Evert AB. 2-BM-MS02. Presented at: American Diabetes Association Scientific Sessions; June 3-7, 2022; New Orleans (hybrid meeting).
Evert reports no relevant financial disclosures.
NEW ORLEANS — Providers should take a shared decision-making approach when creating a nutrition plan for people with diabetes, according to a speaker at the American Diabetes Association Scientific Sessions.
Alison Evert, MS, RDN, CDCES, manager of the nutrition and diabetes education programs at the University of Washington Neighborhood Clinics, reviewed published evidence on the structure, timing and macronutrient composition of eating patterns among people with diabetes. Different eating patterns can have different benefits, and it is important for providers to determine a person’s goal to create a nutrition plan that works best for them.
“Utilize shared decision-making,” Evert said during the presentation. “If you don’t have time to do this during a 20-minute appointment, refer your patient to a registered dietitian or a diabetes education program. Individualize the meal plan. Ultimately, the eating plan your patient is willing and able to follow will likely be the most effective.”
Creating a meal plan
A few common questions providers get from people with diabetes is how often and how much they should eat. Evert noted it is common for providers to recommend that people with diabetes eat three meals and three snacks per day. However, evidence supporting this is lacking, with most trials being small in size, lasting a short duration and being inconclusive in their findings.
“Promotion of three meals a day and three snacks a day without any robust evidence is likely going to provide unnecessary calories, especially if they are not hungry,” Evert said. “When we look at the pathophysiology of type 2 diabetes, reduced beta-cell function, insulin resistance as well as first phase of insulin response, telling somebody to eat frequently throughout the day may result in chronic hyperglycemia. Larger fluctuations in glucose may occur following infrequent, sizeable meals that are not planned.”
Evert recommended providers coordinate a meal plan for people with type 2 diabetes to align with their medications to optimize clinical outcomes and reduce medication side effects.
There is more evidence surrounding meal frequency for people with type 1 diabetes. Multiple studies have shown smaller, more frequent meals, along with avoiding snacks, are associated with better glycemic management in type 1 diabetes.
Multiple studies support eating breakfast as well as consuming more calories early in the day vs. late in the day. In a review of systematic reviews and meta-analyses, skipping breakfast may increase one’s risk for cardiovascular disease and type 2 diabetes. For those with type 2 diabetes, data from a 1-week controlled feeding study showed those who ate a large breakfast had a larger reduction in postprandial hyperglycemia during the day than those who ate a small breakfast.

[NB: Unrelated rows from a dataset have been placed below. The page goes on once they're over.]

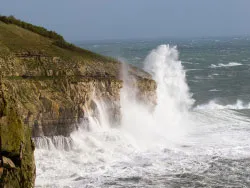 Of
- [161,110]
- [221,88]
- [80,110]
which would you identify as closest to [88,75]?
[80,110]

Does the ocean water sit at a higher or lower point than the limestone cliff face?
lower

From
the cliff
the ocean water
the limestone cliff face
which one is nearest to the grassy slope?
the cliff

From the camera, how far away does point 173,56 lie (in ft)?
161

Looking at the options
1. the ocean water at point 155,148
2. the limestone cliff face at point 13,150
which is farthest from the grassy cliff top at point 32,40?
the limestone cliff face at point 13,150

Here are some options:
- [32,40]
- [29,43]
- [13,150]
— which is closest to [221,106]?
[32,40]

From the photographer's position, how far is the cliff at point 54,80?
2627 centimetres

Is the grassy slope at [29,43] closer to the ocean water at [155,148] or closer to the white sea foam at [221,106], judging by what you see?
the ocean water at [155,148]

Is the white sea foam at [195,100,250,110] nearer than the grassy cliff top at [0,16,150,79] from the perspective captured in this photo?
No

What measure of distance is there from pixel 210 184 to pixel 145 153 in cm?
641

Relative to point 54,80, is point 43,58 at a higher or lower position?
higher

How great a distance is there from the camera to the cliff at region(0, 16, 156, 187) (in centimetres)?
2627

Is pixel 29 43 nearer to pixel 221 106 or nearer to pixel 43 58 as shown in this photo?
pixel 43 58

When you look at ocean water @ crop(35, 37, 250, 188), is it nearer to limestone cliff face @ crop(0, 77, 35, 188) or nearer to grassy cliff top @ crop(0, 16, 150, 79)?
grassy cliff top @ crop(0, 16, 150, 79)

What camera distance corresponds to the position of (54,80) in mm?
28266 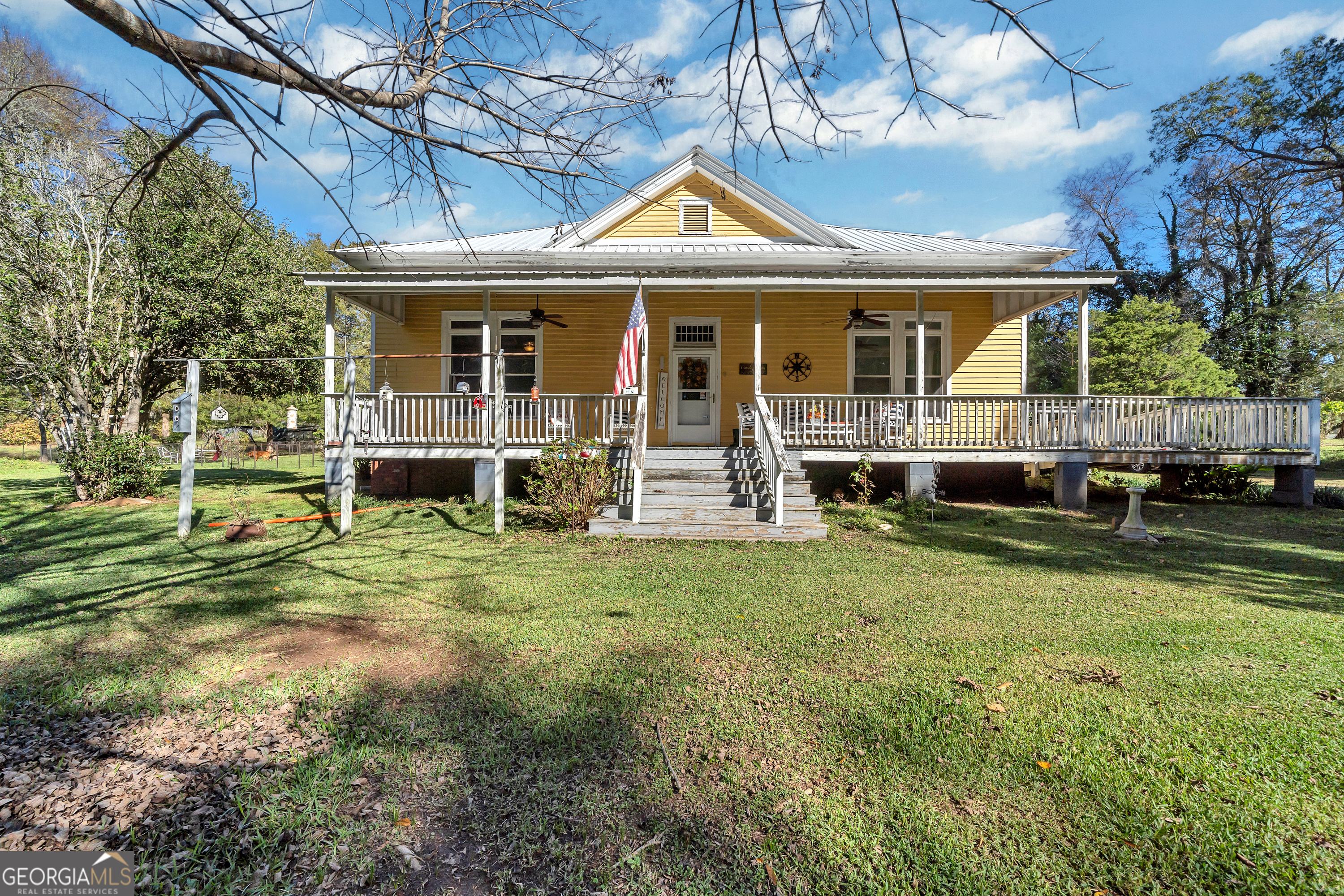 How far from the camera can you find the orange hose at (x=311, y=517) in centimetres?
852

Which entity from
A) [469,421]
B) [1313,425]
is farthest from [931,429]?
[469,421]

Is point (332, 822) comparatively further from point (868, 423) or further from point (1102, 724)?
point (868, 423)

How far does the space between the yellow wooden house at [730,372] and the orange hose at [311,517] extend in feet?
2.48

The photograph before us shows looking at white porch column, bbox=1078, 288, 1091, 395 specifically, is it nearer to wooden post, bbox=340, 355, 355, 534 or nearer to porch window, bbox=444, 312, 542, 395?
porch window, bbox=444, 312, 542, 395

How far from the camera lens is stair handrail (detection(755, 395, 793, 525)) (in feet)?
25.9

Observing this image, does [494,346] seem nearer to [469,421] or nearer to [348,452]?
[469,421]

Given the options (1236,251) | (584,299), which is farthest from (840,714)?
(1236,251)

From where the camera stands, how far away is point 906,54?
9.36 ft

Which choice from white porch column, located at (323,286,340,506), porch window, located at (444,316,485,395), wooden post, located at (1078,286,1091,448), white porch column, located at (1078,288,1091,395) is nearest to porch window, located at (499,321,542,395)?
porch window, located at (444,316,485,395)

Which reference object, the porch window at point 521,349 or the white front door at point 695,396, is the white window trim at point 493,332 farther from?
the white front door at point 695,396

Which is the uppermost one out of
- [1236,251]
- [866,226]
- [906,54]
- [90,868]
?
[1236,251]

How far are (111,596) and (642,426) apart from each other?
20.1 ft

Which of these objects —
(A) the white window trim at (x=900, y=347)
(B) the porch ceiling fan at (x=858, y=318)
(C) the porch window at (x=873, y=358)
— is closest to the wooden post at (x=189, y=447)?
(B) the porch ceiling fan at (x=858, y=318)

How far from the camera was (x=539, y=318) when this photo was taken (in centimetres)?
1180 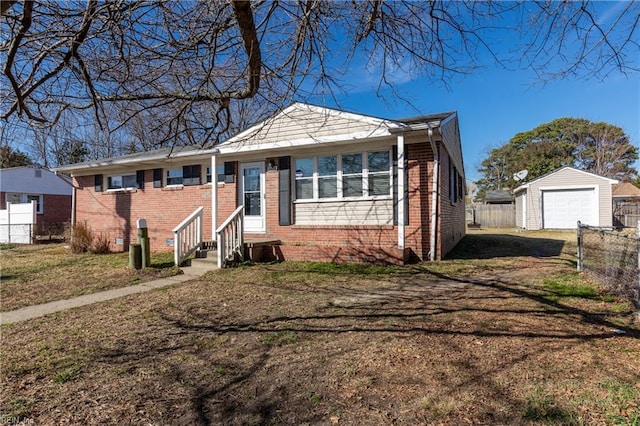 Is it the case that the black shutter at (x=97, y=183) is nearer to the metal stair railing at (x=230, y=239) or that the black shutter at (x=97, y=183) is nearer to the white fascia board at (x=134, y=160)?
the white fascia board at (x=134, y=160)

For people who are participating in intermittent fasting or time-restricted eating, Evert said, providers need to get specifics on the eating patterns, such as whether intermittent fasting is alternate-day fasting or normal eating for 5 days followed by fasting for 2 days. Time-restricted eating can also vary based on a person’s desired mealtimes. Evert said more studies are needed on the efficacy, mechanisms and sustainability of time-restricted eating.
The macronutrient percentages consumed by people with diabetes in the U.S. are similar to what is consumed by the general public. According to data from the Look AHEAD trial and the National Health and Nutrition Examination Survey, about 45% of the macronutrients consumed by people with diabetes are carbohydrates, 36% to 40% are fat, and 16% to 18% are protein.
In the ADA Nutrition Consensus Report published in 2019, there is no evidence supporting an ideal percentage of macronutrients for people with diabetes. Similarly, no evidence supports a set number of calories per day for people with diabetes.
To come up with a diet that works best, Evert said, providers should ask open-ended questions to allow the patient to voice their goals in a shared decision-making session.
“What is it that you want to do with your health? Is it glucose management? Is it something to do with improving your lipid profile, blood pressure or weight loss?” Evert said.
For people with diabetes, glucose management with a diet is less about rules and formulas and more about trial and error, according to Evert. She described glucose monitoring as a way to assess how certain foods affect glucose levels that can help inform changes in the type or amount of foods one eats moving forward.
For those trying to lose weight, any approach should include behavior modification, Evert said. Patients should aim for a minimum weight loss of 5%, and the benefits increase with the greater amount of weight loss. Some eating patterns with evidence supporting weight loss include the Diabetes Remission Clinical Trial’s very low calorie eating pattern, a Mediterranean-style eating pattern and a low-carbohydrate eating pattern.
“For weight loss, you can prescribe some pharmacotherapy by optimizing diabetes medications or adding weight-loss medications,” Evert said. “There’s also bariatric surgery.”
- Evert AB, et al. Diabetes Care. 2019;doi:10.2337/dci19-0014.